As the Survival Guide details, BPM is all about making the processes that are core to your business run better. BPM solutions not only allow you to automate
processes-everything from customer returns to financial compliance-to make them more efficient and reduce costs and expenses, but they also provide visibility into your business so you can capitalize on market opportunities. Companies from all industries have started using BPM because, in short, it works. BPM can make a huge difference in how your company responds to market pressures and how it proactively tackles new business needs. Not only that, it changes the economics of managing the business through improved process performance.
Since BPM solutions cross application and system boundaries, they often need to be sanctioned and implemented by the IT organization, while at the same time BPM products are a business tool that business managers need to own. To make BPM succeed in your organization, the most important element is to understand that it is a collaboration of business and IT, and thus both parties need to be involved in evaluating, selecting, and implementing a BPM solution.
Upside Uptake
For maximum benefit, Upside Research believes that most organizations should evaluate BPM products from both a business and IT perspective to identify the most appropriate solution. Since there are many different products with a wide range of capabilities calling themselves BPM products, Upside Research believes that it’s important during the evaluation process to separate BPM products that provide dynamic, real-time process monitoring and management capabilities from solutions that simply provide business modeling capabilities to automate processes.
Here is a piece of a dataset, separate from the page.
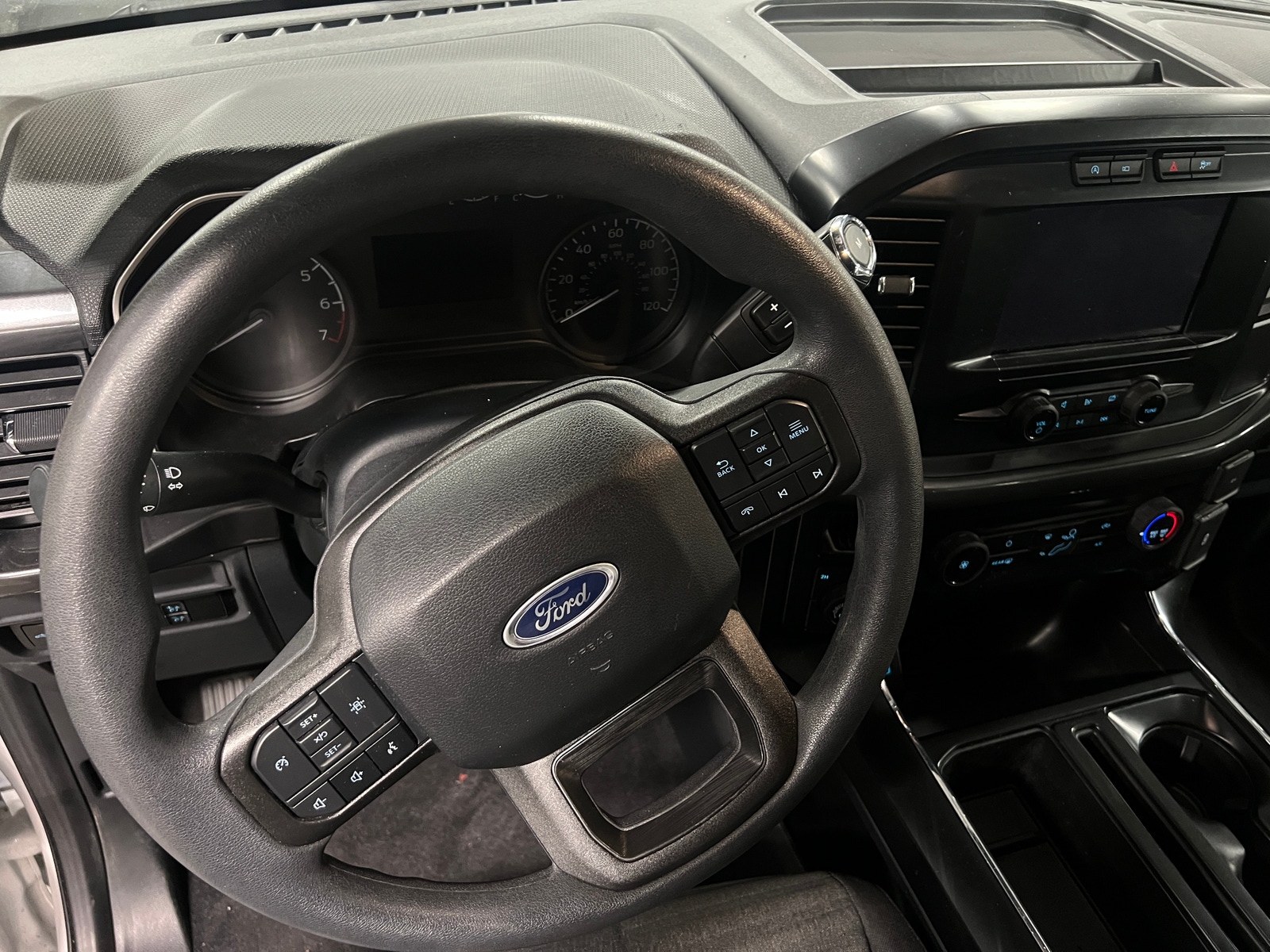 Thumbnail: 2023 Ford Econoline - 5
As with any technology solution, there are a number of different interpretations by software vendors as to the best combination of features to meet business needs. The BPM Survival Guide presents an overview of some of the top the business and technical criteria that organizations should consider when evaluating BPM solutions.
Some of the top business criteria to evaluate when looking at BPM solutions include:
– Active process management
– Fast response capabilities to meet changing business needs
– Ability to capture best practices for continuous process improvement.
In the end, the keys to a good BPM solution from a business perspective are providing the ability for the business owners to control and change business processes on-the-fly and providing business managers with the tools they need to make informed decisions and changes to existing processes.
The technical criteria include considerations such as:
– Limited code development
– Enterprise capable technology
– Support for optimization by the business user
– Fast time to deployment
As with the business criteria, the technical criteria highlight the importance of finding a BPM solution that will leverage your existing IT resources, both human and machine, as well as empower business users to handle business-level process changes, saving time and cycles in IT. BPM should be an enterprise strength solution, and it is important to “kick the tires” and find out from existing customers how they are stretching the limits of the tools to run their businesses.
If you’re the go-to person responsible for making recommendations on BPM to your company, the BPM Survival Guide by Upside Research provides you a few things to consider about BPM that will help you make the right choices. With the right information, surviving the BPM selection process is easy. And with the right BPM solution, your company and career can prosper.